== Provided records ==
########################################
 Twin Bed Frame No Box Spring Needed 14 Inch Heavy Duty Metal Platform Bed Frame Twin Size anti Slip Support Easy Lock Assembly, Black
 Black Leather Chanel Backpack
########################################
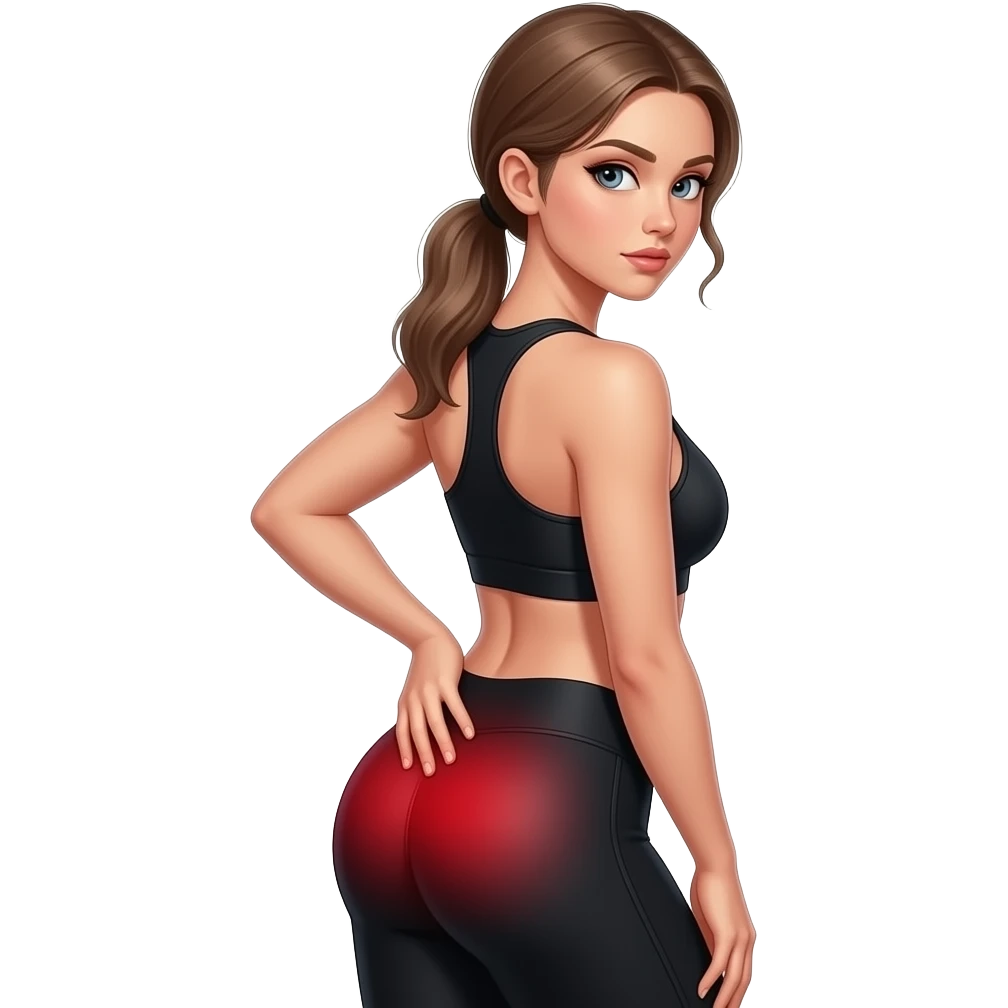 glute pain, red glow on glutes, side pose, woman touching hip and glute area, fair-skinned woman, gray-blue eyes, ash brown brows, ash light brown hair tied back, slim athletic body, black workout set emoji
########################################
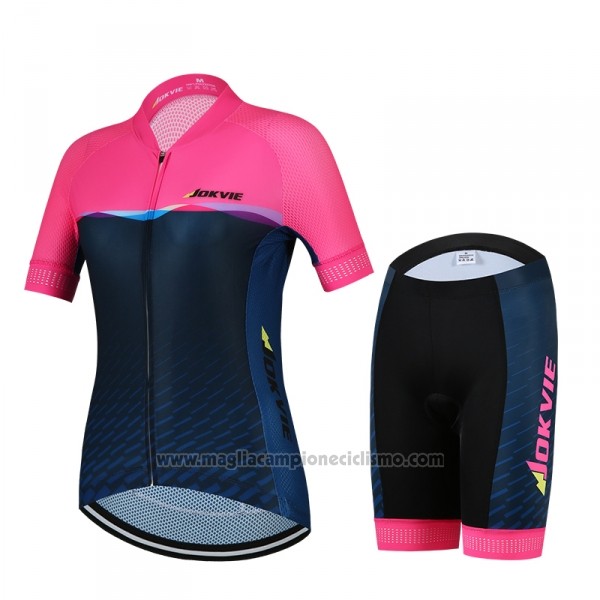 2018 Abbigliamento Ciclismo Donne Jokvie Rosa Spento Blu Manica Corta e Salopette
########################################
Extract from the listing above the lines between the line containing "Twin Bed Frame" and the line containing "Black Leather Chanel Backpack", keeping both of those lines. Output nothing else.

 Twin Bed Frame No Box Spring Needed 14 Inch Heavy Duty Metal Platform Bed Frame Twin Size anti Slip Support Easy Lock Assembly, Black
 Black Leather Chanel Backpack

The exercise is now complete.